Income and wealth inequalities have thrown a dark shadow on the support and enthusiasm for the current approach to GDP growth

Income and wealth inequalities have thrown a dark shadow on the support and enthusiasm for the current approach to gross domestic product (GDP) growth. From a whole range of places—UN-led as well as from other global agencies and scholars. Fact-based arguments are appearing that dramatic and intense increases in national as well as international inequalities in wealth and income are responsible for many of the crises that shook the world recently and earlier.
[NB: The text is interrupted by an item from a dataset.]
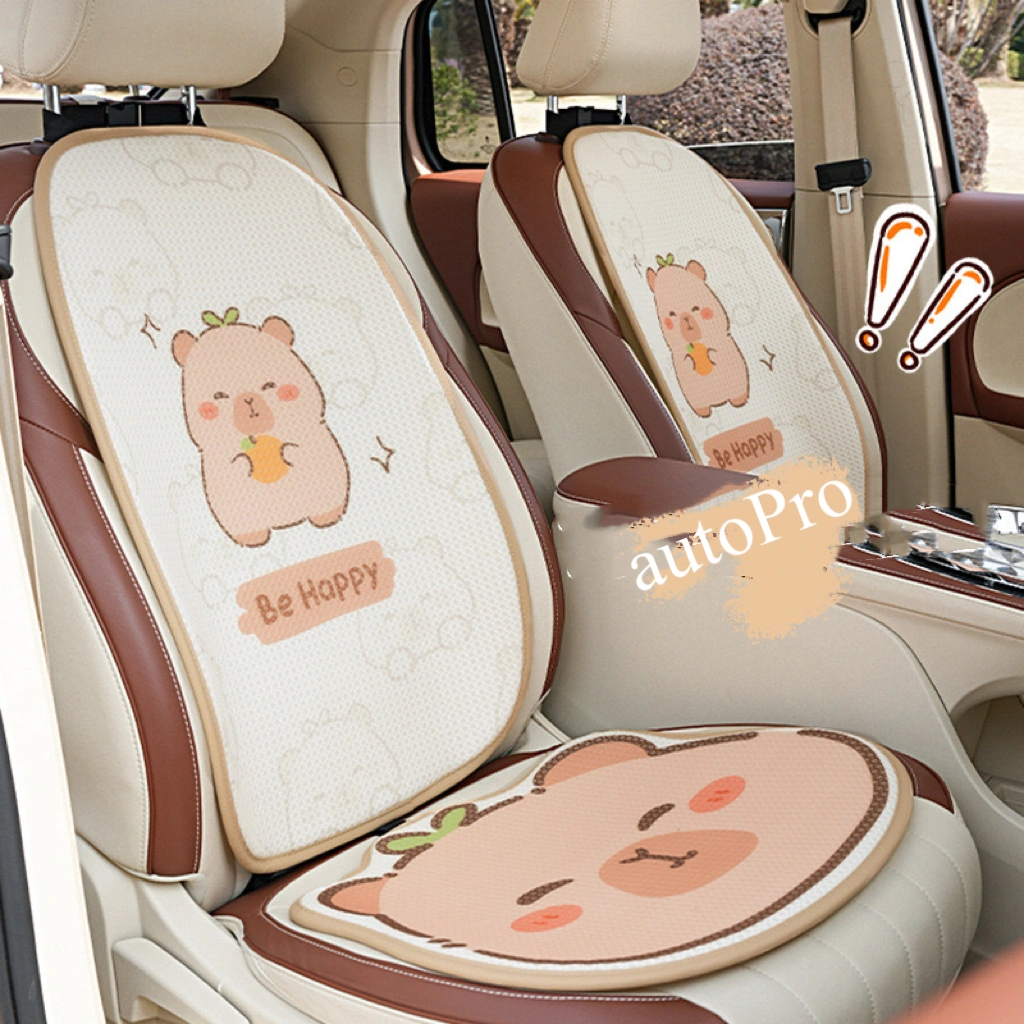 Alas Duduk dan Alas Sandaran Kursi Jok Mobil Depan/Bahan Premium Anti Slip /Bahan Empuk /Cover Sandaran Kursi Jok Mobil/Cushion&Back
These reports are supplemented by many academic papers and books, the latest to catch attention being ‘Capital in the Twenty-First Century’ by Thomas Piketty who calls attention to the fact that in the last 30 years inequality has exploded almost everywhere, especially in the United States and the United Kingdom. A review of these current reports from major global economic institutions offers significant lessons for course correction of the Indian economy, and of the macroeconomic policies that are driving it.

A striking report by the UN’s Department of Economic and Social Affairs, called ‘Inequality Matters: Report of the World Social Situation’, presents data on the increase in inequality within nations and globally and argues that “in addition to inhibiting economic growth over time, inequality can also generate greater market volatility and instability.” The report also suggests a relationship between inequality and the onset of economic recession.

The United Nations Development Programme’s 2013 Report, ‘Humanity Divided: Confronting Inequality in Developing Countries,’ shows how the sharpest increases in income inequality have occurred in those developing countries that were especially successful in pursuing vigorous growth and managed, as a result, to graduate into higher income brackets. It says, “Economic progress in these countries has not alleviated disparities, but rather exacerbated them.”

Oxfam has provided the most pertinent comment on the subject. Its 2014 briefing paper ‘Working for the Few: Political Capture and Economic Inequality,’ argues that inevitably, deep inequalities, where a few control the economy, will necessarily lead to decisions in economic policy which would support their interests.

However, into this gloom, a call that can provide the breakthrough comes from the International Labour Organization (ILO), in a paper titled ‘Wage-led Growth, An equitable Strategy for Economic Recovery.’ The ILO makes a strong argument that “It is time to reconsider the validity of these pro-capital distributional policies, and to examine the possibility of an alternative path, one based on pro-labour distributional policies, accompanied by legislative changes and structural policies that will make wage-led growth regime more likely, that is, pursue what we call a wage-led growth strategy, which, in our view, will generate a much more stable growth regime for the future.”

There are of course additional arguments supporting a broad-based employment programme—that the dispersed demand would generate demand for a broad range of goods and services which in turn propels the economy, especially the manufacturing sector and the agricultural sector.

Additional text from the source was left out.